The prestigious Tokyo Art University is recognized as the most difficult art university to be admitted to in Japan, its glittering alumni essentially comprise the modern art history of Japan since the Meiji Period. Maeda graduated from this university and won the Ataka Prize. The artist’s early figurative works are quiet and implicit, the simple colors have the slightest changes, the glimmer of time is attached to the depicted still life, and the sight is kept in an eternal moment for a long time. In recent years, Maeda has renewed his focus on abstraction, a style of painting that he had always wished to paint, inspired by the simplicity of the Mono-ha movement and the pine trees of the legendary Medieval Japanese painter Hasegawa Tohaku. His brushstrokes reveal a tension in the void, which contains hidden unknowns, as if it is the sensibility honed in the cold and windy winter, serenity and gracefulness. Maeda tries to capture the superposition between “visible and invisible” in the image. The elements of life and death, pain and happiness are juxtaposed, once forgotten, the audience can enter another realm of transcendence, tranquility, and power.

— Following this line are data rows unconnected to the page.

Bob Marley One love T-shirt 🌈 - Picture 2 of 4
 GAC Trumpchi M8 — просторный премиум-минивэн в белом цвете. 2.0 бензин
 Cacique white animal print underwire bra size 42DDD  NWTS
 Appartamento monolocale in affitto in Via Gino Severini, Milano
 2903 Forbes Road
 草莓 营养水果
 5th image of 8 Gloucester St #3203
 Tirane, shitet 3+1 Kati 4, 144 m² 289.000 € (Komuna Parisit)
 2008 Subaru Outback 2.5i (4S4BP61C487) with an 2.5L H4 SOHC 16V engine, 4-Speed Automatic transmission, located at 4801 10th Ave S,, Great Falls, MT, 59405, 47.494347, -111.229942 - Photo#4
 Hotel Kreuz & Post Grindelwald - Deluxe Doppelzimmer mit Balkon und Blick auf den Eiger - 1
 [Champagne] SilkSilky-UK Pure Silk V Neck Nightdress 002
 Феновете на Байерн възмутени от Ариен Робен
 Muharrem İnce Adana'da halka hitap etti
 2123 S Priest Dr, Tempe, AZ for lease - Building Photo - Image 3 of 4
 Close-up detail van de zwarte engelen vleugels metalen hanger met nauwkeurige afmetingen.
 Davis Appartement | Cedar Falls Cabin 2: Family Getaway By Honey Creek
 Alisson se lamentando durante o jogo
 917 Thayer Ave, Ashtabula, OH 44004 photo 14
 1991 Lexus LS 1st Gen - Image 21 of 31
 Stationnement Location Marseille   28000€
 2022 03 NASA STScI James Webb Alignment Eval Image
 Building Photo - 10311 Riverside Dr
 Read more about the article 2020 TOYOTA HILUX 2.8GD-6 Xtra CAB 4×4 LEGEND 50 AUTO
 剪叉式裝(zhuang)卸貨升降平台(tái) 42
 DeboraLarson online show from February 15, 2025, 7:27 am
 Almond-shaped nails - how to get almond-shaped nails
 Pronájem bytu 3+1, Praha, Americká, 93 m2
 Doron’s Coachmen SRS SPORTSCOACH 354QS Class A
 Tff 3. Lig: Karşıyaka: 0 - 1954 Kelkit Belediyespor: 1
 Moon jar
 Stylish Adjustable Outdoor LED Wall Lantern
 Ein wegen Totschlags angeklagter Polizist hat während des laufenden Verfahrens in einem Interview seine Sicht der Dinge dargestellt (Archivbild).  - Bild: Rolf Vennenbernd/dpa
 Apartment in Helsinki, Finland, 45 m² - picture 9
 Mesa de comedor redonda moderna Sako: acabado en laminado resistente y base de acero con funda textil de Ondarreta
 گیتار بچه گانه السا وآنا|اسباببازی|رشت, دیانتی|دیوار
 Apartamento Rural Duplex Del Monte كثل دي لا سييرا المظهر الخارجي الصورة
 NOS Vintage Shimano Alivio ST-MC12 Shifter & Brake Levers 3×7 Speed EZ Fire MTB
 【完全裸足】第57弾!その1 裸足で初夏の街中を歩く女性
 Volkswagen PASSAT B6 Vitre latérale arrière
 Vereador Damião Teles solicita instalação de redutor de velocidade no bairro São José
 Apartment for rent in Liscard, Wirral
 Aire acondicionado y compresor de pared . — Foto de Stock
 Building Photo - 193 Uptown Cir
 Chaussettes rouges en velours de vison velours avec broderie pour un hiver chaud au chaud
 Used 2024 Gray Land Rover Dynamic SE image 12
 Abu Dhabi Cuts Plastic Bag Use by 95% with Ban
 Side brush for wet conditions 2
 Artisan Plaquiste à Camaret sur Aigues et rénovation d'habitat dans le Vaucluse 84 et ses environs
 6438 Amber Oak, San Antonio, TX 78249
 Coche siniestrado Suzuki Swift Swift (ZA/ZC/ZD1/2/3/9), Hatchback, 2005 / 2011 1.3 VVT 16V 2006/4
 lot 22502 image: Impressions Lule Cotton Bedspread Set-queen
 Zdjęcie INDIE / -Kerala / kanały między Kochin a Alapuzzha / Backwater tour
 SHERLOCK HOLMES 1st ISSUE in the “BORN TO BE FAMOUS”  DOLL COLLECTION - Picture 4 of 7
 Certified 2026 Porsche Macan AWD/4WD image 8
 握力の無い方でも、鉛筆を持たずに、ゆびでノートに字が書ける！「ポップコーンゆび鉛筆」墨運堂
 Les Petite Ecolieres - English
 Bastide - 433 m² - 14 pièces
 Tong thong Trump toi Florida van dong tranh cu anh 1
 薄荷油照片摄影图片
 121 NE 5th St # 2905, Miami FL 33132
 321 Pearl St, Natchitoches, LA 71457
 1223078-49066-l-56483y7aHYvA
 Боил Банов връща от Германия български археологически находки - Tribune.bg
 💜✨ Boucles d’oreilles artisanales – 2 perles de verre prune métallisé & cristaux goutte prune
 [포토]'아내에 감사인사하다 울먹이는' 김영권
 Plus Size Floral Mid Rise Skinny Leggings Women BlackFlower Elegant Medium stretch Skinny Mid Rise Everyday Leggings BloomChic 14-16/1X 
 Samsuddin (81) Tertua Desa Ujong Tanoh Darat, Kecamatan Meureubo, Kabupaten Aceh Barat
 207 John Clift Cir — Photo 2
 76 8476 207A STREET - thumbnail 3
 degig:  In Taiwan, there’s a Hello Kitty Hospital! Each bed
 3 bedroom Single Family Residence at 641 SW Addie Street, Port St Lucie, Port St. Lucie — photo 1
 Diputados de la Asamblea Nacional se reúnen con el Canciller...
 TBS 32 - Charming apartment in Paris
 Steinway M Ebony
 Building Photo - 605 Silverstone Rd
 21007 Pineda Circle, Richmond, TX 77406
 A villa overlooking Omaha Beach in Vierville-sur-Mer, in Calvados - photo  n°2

Maeda has won many awards, including the Ataka Prize of the Tokyo University of the Arts, the Fuirann Award for Best Artwork, and the second prize of the Chicago International Art Competition. His works have been exhibited at major international art fairs and successfully auctioned at Sotheby’s in Hong Kong. His works were collected by institutions such as Ryumon Temple Collection in Tokyo, Tokyo University of the Arts.